Uno de ellos, que era forastero por cierto, consideró prudente retirarse del escenario y se dirigió a la casa de una hermana donde estaba hospedado, sin decirle a nadie lo que había sucedido, entró a su habitación y se acostó, pero a poco de haberse echado a la cama, llegó el contendor y sin pedirle permiso a los dueños de la casa, abrió las puertas, se introdujo a la habitación donde el otro ya dormía la borrachera y lo levantó por el cuello, le dio dos bofetadas y comenzó a desafiarlo primero con palabras ofensivas y luego incitándole a que saliera a la calle le dijo: “levántate, párate cobarde para probarte que yo si soy un hombre, no como tú nacido de una madre que ha parido hijos maricones”
El ofendido, sin medir las consecuencias de lo que iba a hacer, miró a un rincón donde el dueño de la casa guardaba una escopeta que usaba para cazar venados, pues cogió la escopeta y le hizo un disparo dentro de la casa, seguidamente salió corriendo y se dirigió a la casa de un amigo donde se refugió, el herido tuvo fuerzas para perseguirlo pero cayó después de cruzar la calle donde había sucedido la tragedia cayendo boca abajo, en el lugar en donde nosotros lo vimos.
Eso sucedió alrededor de las tres y media de la tarde, los familiares del herido una vez que constataron que había muerto, se armaron con palos y machetes, y hasta propusieron algunos meterle fuego a la casa donde se refugiaba el homicida, cosa que un hombre sensato evitó oponiéndose a semejante medio de hacer justicia por propia mano y con cabeza fría, llamó a la telegrafista del pueblo para que a eso de las diez de la noche abriera la oficina, encendiera los aparatos de la telegrafía y se comunicara con la oficina de Magangue para que diera parte a la policía.

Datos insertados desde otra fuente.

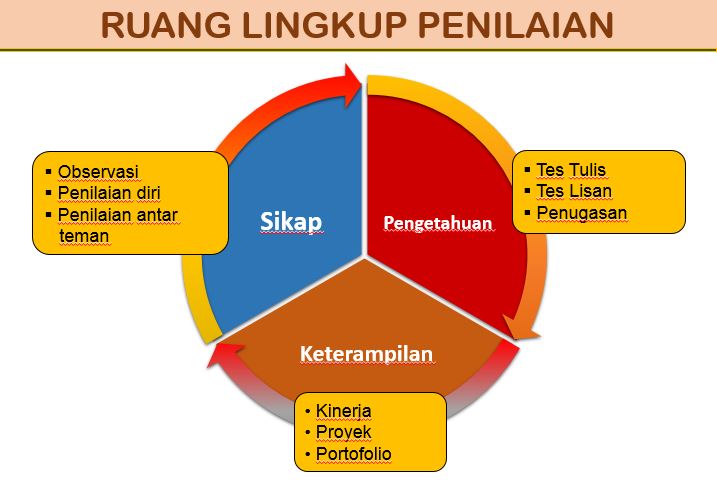 Detail Contoh Deskripsi Sikap Spiritual Dan Sosial Kurikulum 2013 Nomer 50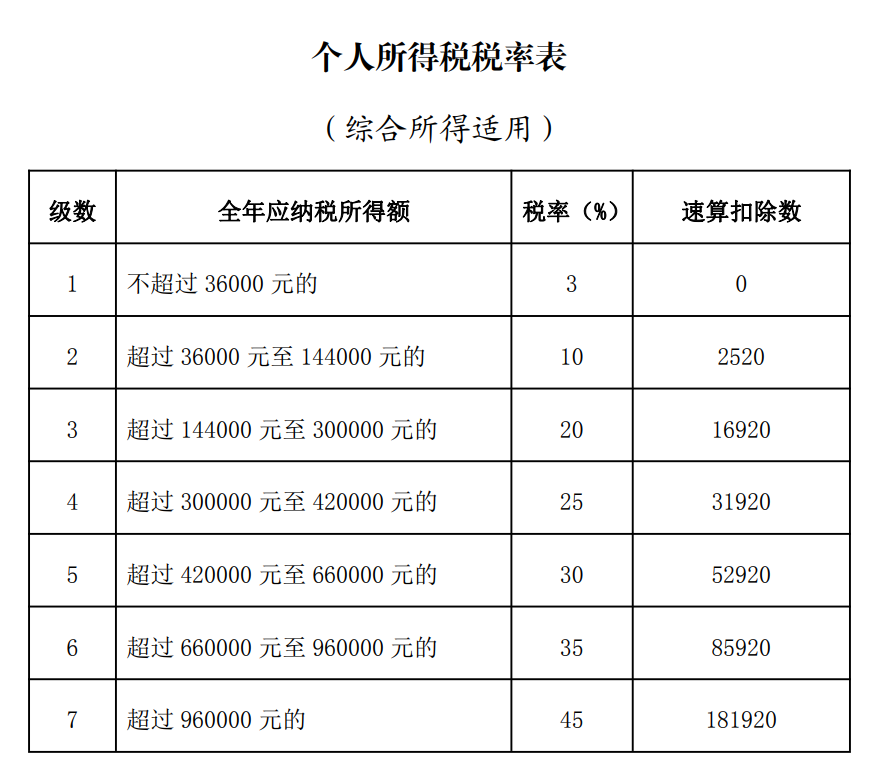 個人所得稅稅率表（綜合所得適用）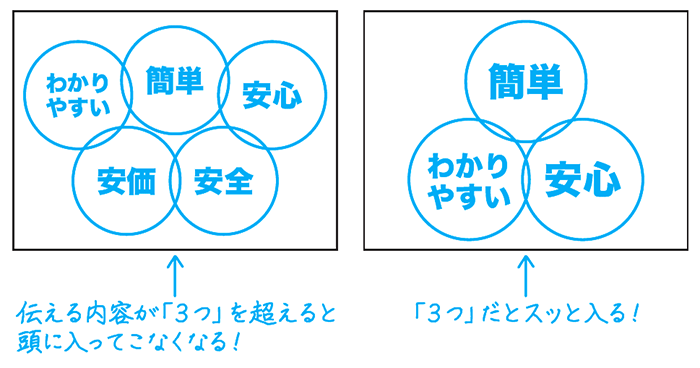 優れたプレゼンテーションに共通する「3の法則」とは?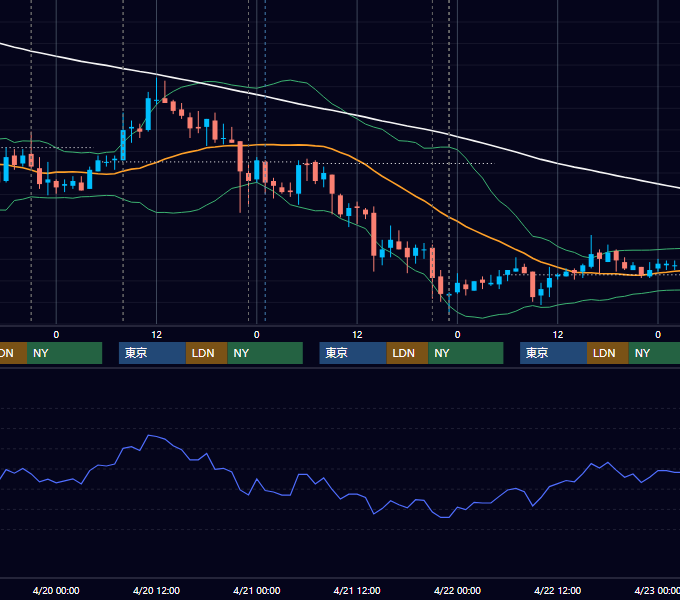 2011年4月18日〜4月22日 USD/JPY 1時間足チャート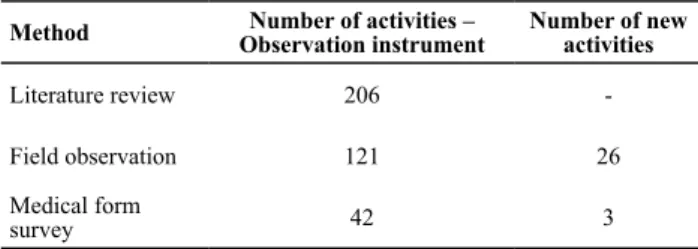Table 1  – Number of nursing activities identiied according to the  method - São Paulo, 2010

La policía llegó oportunamente, se llevaron al reo, pero los ánimos quedaron caldeados, aquello tomó después una cariz político, sin fundamento alguno, acusaban los conservadores a los liberales de ser los autores intelectuales del crimen, todo esto lo lideraba un cabecilla conservador que se caracterizaba por ser un intrigante a quien jamás le interesó el bienestar del pueblo, antes bien, su misión era esa, la intriga, la cizaña, para figurar él como jefe sin competidores.
De ahí en adelante, la vida de aquel apacible y tranquilo pueblo, donde todo el mundo se conocía, reinaba la cordura, la amistad, se trasformó en un verdadero infierno en el que nunca más reinó la confianza entre sus moradores.